Book A Hunger Artist and Other Stories

Download or read book A Hunger Artist and Other Stories written by Franz Kafka and published by OUP Oxford. This book was released on 2012-04-12 with total page 443 pages. Available in PDF, EPUB and Kindle. Book excerpt: 'In recent decades, interest in hunger artists has greatly diminished.' Kafka published two collections of short stories in his lifetime, A Country Doctor: Little Tales (1919) and A Hunger Artist: Four Stories (1924). Both collections are included in their entirety in this edition, which also contains other, uncollected stories and a selection of posthumously published works that have become part of the Kafka canon. Enigmatic, satirical, often bleakly humorous, these stories approach human experience at a tangent: a singing mouse, an ape, an inquisitive dog, and a paranoid burrowing creature are among the protagonists, as well as the professional starvation artist. A patient seems to be dying from a metaphysical wound; the war-horse of Alexander the Great steps aside from history and adopts a quiet profession as a lawyer. Fictional meditations on art and artists, and a series of aphorisms that come close to expressing Kafka's philosophy of life, further explore themes that recur in his major novels. Newly translated, and with an invaluable introduction and notes, Kafka's short stories are haunting and unforgettable. ABOUT THE SERIES: For over 100 years Oxford World's Classics has made available the widest range of literature from around the globe. Each affordable volume reflects Oxford's commitment to scholarship, providing the most accurate text plus a wealth of other valuable features, including expert introductions by leading authorities, helpful notes to clarify the text, up-to-date bibliographies for further study, and much more.

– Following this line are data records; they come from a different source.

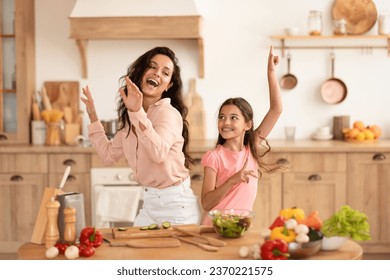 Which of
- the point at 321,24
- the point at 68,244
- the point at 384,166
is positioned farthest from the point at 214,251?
the point at 321,24

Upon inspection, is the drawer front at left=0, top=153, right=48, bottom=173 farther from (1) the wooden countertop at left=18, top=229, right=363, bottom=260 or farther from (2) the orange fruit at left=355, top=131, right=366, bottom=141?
(1) the wooden countertop at left=18, top=229, right=363, bottom=260

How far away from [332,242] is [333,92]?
3.30m

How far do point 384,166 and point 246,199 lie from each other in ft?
7.71

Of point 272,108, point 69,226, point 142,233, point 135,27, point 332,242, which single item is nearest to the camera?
point 332,242

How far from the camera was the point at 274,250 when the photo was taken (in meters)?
2.00

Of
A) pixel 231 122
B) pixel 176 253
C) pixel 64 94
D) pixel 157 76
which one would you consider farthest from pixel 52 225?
pixel 64 94

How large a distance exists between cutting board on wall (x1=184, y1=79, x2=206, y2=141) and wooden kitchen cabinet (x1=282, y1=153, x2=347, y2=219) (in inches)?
32.4

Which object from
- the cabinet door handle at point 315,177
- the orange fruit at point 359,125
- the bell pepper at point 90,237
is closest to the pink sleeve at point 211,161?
the bell pepper at point 90,237

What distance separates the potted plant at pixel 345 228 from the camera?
208cm

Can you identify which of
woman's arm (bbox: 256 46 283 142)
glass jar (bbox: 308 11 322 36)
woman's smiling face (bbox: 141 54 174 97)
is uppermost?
glass jar (bbox: 308 11 322 36)

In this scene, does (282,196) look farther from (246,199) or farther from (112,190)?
(246,199)

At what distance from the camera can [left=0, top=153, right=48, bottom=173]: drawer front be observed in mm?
4809

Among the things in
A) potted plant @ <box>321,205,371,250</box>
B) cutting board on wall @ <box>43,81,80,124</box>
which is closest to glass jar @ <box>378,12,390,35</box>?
cutting board on wall @ <box>43,81,80,124</box>

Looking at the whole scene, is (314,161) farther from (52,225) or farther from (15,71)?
(52,225) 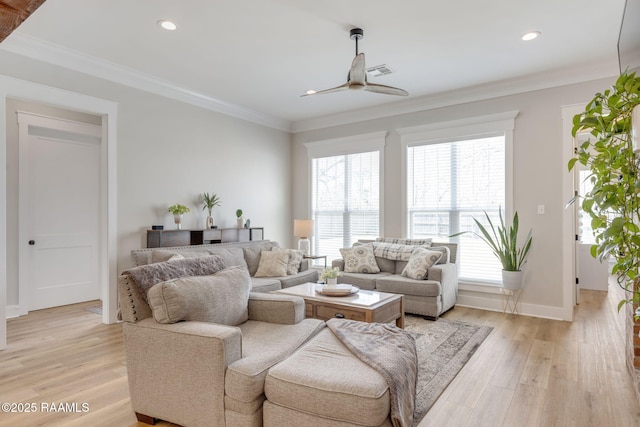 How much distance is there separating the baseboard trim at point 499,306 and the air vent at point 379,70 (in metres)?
3.05

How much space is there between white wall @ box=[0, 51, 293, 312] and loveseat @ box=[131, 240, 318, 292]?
645mm

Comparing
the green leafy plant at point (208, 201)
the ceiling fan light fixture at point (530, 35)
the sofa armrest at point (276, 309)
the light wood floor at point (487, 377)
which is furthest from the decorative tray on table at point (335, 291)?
the ceiling fan light fixture at point (530, 35)

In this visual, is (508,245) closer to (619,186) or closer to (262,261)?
(262,261)

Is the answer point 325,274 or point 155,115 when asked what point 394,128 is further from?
point 155,115

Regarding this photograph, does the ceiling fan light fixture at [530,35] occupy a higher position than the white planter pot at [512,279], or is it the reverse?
the ceiling fan light fixture at [530,35]

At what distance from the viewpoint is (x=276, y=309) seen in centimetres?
252

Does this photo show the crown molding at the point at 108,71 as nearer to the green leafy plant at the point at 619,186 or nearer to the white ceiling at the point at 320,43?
the white ceiling at the point at 320,43

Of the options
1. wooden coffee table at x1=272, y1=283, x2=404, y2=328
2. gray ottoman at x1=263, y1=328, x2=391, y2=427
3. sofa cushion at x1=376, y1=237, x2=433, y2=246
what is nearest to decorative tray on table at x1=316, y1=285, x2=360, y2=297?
wooden coffee table at x1=272, y1=283, x2=404, y2=328

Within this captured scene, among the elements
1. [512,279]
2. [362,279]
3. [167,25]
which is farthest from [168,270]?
[512,279]

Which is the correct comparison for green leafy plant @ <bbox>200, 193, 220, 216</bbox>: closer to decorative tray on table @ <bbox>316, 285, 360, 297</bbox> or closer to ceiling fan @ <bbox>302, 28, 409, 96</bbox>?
decorative tray on table @ <bbox>316, 285, 360, 297</bbox>

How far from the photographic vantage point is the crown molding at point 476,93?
4035 mm

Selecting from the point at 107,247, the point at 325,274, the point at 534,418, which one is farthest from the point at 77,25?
the point at 534,418

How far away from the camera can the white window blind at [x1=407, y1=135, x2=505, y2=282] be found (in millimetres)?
4707

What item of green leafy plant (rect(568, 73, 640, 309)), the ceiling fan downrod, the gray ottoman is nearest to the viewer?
green leafy plant (rect(568, 73, 640, 309)) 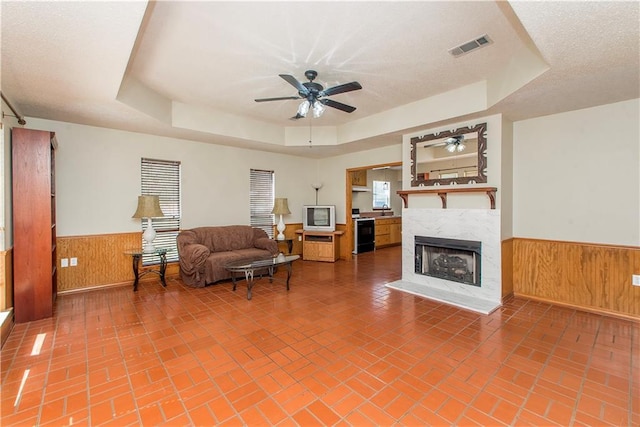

Book Life the Human Quest for an Ideal

Download or read book Life the Human Quest for an Ideal written by M. Kronegger and published by Springer Science & Business Media. This book was released on 2013-06-29 with total page 346 pages. Available in PDF, EPUB and Kindle. Book excerpt: Above the dogmatic ideologies and utopias that have proved illusory, there is a resurgence of ideals of/for humanity in the human spirit's urgent quest after measure and harmony of the dispersed threads of existence. Devalued in the sectarism of postmodern thought, they affirm themselves in their original freedom as the irrepressible swing of the human spirit within the all-embracing new field of the Phenomenology of Life and of the Human Condition. Preceded by the exploration of allegory in aesthetics and the metaphysics of the ontopoiesis of life, the present collection opens with Tymieniecka proposing the 'golden measure' as the ideal our present day humanity calls and strives for. Studies of the 'Ascension in troubled times', 'On the way', 'The search for harmony', 'European message', and other sections, collect papers by: G. Vajda, M.A. Cecilia, E. di Vito, A. Balan, R. Kieffer, G. Overvold, L. Kimmel, J.B. Williamson, F.P. Crawley, P. Pylkkö, N. Campi de Castro, and others. Introduced by the editor: Marlies Kronegger.